:: The records ::
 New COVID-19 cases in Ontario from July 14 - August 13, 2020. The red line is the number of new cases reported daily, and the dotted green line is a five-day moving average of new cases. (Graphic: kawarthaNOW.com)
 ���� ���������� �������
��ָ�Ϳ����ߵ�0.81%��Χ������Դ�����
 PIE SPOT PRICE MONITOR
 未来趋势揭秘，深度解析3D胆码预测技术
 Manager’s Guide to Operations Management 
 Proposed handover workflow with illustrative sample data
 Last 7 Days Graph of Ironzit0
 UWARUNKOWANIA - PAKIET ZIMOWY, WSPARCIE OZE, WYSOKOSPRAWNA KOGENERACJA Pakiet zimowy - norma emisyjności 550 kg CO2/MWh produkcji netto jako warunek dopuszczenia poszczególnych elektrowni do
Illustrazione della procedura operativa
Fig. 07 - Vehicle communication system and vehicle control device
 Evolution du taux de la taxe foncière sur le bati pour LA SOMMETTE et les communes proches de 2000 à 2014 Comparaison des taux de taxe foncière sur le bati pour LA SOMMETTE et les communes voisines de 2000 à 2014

:: The problem ::
Please repeat the listing exactly, with nothing left out.

:: Response box ::
 New COVID-19 cases in Ontario from July 14 - August 13, 2020. The red line is the number of new cases reported daily, and the dotted green line is a five-day moving average of new cases. (Graphic: kawarthaNOW.com)
 ���� ���������� �������
��ָ�Ϳ����ߵ�0.81%��Χ������Դ�����
 PIE SPOT PRICE MONITOR
 未来趋势揭秘，深度解析3D胆码预测技术
 Manager’s Guide to Operations Management 
 Proposed handover workflow with illustrative sample data
 Last 7 Days Graph of Ironzit0
 UWARUNKOWANIA - PAKIET ZIMOWY, WSPARCIE OZE, WYSOKOSPRAWNA KOGENERACJA Pakiet zimowy - norma emisyjności 550 kg CO2/MWh produkcji netto jako warunek dopuszczenia poszczególnych elektrowni do
Illustrazione della procedura operativa
Fig. 07 - Vehicle communication system and vehicle control device
 Evolution du taux de la taxe foncière sur le bati pour LA SOMMETTE et les communes proches de 2000 à 2014 Comparaison des taux de taxe foncière sur le bati pour LA SOMMETTE et les communes voisines de 2000 à 2014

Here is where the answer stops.